#### Data to use ####

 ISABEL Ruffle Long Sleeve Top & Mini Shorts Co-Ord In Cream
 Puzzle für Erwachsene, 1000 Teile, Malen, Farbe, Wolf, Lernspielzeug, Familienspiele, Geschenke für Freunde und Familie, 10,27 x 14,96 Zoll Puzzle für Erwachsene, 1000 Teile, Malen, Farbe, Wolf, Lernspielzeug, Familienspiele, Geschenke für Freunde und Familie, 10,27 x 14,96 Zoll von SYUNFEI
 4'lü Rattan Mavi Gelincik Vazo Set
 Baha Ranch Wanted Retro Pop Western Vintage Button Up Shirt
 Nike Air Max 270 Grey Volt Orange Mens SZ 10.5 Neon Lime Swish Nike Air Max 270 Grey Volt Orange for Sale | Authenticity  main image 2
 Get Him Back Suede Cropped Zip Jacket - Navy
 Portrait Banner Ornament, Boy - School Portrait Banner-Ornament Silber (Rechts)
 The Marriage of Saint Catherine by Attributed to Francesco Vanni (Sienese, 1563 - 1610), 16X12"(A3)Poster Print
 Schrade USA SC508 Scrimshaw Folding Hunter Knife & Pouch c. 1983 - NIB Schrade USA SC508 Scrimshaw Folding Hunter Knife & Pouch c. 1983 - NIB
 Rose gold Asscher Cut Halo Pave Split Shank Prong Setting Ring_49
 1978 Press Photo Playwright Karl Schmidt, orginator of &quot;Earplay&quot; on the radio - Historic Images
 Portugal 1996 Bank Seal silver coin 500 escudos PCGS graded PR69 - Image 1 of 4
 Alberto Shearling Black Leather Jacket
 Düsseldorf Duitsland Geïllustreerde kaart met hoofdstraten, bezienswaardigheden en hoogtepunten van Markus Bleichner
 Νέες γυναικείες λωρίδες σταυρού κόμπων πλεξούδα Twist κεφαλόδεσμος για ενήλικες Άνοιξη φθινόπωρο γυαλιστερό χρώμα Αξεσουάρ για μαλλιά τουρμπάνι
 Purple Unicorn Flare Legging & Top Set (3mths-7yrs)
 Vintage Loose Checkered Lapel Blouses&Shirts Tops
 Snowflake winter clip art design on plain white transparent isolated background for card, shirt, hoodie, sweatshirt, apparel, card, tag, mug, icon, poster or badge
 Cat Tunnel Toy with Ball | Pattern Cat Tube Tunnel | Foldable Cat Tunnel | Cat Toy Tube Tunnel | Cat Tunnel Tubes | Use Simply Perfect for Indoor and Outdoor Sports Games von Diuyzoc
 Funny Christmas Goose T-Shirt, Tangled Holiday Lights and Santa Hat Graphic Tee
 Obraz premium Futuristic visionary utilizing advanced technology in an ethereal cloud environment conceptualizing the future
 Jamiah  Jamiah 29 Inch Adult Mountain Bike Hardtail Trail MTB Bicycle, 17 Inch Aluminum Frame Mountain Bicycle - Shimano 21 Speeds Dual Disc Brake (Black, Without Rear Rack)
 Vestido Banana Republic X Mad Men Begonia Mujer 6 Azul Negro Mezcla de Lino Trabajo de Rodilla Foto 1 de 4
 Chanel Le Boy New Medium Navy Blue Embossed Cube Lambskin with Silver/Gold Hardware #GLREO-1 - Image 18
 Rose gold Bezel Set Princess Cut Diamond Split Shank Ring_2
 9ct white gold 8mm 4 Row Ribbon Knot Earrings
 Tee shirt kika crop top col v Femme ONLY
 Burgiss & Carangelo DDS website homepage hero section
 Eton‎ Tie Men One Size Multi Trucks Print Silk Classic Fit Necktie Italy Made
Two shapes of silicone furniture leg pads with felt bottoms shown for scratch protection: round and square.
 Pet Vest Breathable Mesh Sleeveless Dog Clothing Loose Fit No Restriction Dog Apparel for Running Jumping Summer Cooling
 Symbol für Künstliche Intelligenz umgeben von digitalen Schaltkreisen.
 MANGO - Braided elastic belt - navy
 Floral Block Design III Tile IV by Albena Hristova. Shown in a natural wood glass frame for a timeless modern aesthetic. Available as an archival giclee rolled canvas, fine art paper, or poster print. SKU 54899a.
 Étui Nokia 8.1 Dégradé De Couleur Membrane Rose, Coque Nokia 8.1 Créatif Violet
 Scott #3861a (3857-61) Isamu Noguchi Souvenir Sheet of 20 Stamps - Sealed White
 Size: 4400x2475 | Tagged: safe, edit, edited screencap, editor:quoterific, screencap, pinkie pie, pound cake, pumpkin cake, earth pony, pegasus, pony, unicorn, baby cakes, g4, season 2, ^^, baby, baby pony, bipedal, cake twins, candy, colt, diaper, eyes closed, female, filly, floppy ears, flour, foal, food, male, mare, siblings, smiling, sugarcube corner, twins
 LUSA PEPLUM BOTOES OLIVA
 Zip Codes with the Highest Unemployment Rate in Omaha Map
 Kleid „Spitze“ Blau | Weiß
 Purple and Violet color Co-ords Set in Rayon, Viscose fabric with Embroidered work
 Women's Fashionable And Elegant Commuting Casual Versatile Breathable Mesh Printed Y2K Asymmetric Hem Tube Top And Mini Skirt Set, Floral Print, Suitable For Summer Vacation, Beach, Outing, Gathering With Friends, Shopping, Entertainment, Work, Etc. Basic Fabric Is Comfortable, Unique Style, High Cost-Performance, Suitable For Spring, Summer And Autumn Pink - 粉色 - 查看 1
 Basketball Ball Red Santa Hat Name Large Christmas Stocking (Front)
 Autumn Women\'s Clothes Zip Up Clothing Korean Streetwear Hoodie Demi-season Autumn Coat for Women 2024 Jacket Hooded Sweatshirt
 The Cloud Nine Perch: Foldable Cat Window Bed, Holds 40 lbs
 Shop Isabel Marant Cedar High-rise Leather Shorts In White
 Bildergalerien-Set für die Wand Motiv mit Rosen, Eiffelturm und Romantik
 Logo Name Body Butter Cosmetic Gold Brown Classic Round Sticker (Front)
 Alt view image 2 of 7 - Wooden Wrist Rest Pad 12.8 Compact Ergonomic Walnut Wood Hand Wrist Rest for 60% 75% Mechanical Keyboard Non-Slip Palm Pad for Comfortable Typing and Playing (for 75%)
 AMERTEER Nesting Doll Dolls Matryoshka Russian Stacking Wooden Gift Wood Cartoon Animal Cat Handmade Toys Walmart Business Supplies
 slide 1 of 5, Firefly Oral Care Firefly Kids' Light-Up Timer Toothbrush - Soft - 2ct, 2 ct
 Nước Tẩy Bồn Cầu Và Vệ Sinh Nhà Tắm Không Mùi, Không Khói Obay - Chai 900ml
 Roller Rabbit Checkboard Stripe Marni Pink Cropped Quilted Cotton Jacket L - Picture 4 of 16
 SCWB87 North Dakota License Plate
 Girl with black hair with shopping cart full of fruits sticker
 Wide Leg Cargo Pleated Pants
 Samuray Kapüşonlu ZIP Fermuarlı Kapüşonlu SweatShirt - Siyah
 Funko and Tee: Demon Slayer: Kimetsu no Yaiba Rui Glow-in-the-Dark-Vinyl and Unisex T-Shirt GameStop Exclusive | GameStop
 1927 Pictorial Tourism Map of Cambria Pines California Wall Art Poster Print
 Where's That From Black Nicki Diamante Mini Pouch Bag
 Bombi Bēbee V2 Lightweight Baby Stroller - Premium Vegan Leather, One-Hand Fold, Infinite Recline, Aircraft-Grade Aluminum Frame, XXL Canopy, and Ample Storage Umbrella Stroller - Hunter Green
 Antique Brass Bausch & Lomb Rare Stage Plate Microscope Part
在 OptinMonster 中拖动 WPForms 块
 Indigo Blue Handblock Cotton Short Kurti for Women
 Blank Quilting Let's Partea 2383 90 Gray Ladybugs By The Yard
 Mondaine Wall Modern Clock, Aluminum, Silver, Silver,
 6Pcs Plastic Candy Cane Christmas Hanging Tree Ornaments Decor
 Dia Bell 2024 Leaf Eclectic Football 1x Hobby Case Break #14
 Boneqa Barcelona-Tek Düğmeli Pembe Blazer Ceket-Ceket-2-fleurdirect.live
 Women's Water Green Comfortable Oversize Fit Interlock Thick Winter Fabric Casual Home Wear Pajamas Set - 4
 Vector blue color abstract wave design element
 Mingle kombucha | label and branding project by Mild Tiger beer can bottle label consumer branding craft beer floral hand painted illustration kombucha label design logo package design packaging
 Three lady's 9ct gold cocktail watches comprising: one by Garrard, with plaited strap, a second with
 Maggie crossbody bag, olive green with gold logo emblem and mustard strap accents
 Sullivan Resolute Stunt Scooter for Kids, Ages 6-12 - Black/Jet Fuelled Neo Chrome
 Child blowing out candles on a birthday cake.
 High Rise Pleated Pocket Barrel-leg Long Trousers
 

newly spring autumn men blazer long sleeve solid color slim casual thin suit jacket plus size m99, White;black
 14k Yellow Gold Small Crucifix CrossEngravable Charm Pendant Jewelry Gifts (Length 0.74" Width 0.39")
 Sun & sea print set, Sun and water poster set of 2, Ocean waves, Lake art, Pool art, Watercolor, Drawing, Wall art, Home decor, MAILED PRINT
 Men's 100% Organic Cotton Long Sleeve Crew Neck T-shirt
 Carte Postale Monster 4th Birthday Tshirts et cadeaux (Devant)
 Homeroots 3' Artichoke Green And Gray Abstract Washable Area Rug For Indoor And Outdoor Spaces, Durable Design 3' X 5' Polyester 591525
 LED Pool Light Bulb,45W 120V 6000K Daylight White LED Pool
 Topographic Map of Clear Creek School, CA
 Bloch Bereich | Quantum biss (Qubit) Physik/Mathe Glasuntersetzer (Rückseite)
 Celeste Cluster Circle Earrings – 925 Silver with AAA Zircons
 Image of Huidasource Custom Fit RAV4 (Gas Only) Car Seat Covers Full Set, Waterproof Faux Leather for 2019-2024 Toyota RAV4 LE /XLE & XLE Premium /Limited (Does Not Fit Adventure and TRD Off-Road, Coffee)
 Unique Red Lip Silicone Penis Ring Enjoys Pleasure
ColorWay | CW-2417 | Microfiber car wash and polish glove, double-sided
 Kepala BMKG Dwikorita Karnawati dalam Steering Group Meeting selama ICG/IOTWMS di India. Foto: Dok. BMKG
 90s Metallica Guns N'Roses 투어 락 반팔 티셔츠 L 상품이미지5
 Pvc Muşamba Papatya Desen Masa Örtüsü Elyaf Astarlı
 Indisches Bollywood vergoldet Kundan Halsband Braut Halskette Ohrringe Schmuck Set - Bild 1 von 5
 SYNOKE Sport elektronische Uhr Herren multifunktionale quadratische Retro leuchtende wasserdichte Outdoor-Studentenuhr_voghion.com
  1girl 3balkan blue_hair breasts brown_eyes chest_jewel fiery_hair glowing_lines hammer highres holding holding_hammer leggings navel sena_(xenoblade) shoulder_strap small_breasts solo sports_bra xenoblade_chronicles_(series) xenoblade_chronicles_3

####

» Task to complete
Print only what lies in the material above starting at the line with "Bombi Bēbee V2" and ending at the line with "newly spring autumn", every line exactly as given.

» Answer to the exercise
 Bombi Bēbee V2 Lightweight Baby Stroller - Premium Vegan Leather, One-Hand Fold, Infinite Recline, Aircraft-Grade Aluminum Frame, XXL Canopy, and Ample Storage Umbrella Stroller - Hunter Green
 Antique Brass Bausch & Lomb Rare Stage Plate Microscope Part
在 OptinMonster 中拖动 WPForms 块
 Indigo Blue Handblock Cotton Short Kurti for Women
 Blank Quilting Let's Partea 2383 90 Gray Ladybugs By The Yard
 Mondaine Wall Modern Clock, Aluminum, Silver, Silver,
 6Pcs Plastic Candy Cane Christmas Hanging Tree Ornaments Decor
 Dia Bell 2024 Leaf Eclectic Football 1x Hobby Case Break #14
 Boneqa Barcelona-Tek Düğmeli Pembe Blazer Ceket-Ceket-2-fleurdirect.live
 Women's Water Green Comfortable Oversize Fit Interlock Thick Winter Fabric Casual Home Wear Pajamas Set - 4
 Vector blue color abstract wave design element
 Mingle kombucha | label and branding project by Mild Tiger beer can bottle label consumer branding craft beer floral hand painted illustration kombucha label design logo package design packaging
 Three lady's 9ct gold cocktail watches comprising: one by Garrard, with plaited strap, a second with
 Maggie crossbody bag, olive green with gold logo emblem and mustard strap accents
 Sullivan Resolute Stunt Scooter for Kids, Ages 6-12 - Black/Jet Fuelled Neo Chrome
 Child blowing out candles on a birthday cake.
 High Rise Pleated Pocket Barrel-leg Long Trousers
 

newly spring autumn men blazer long sleeve solid color slim casual thin suit jacket plus size m99, White;black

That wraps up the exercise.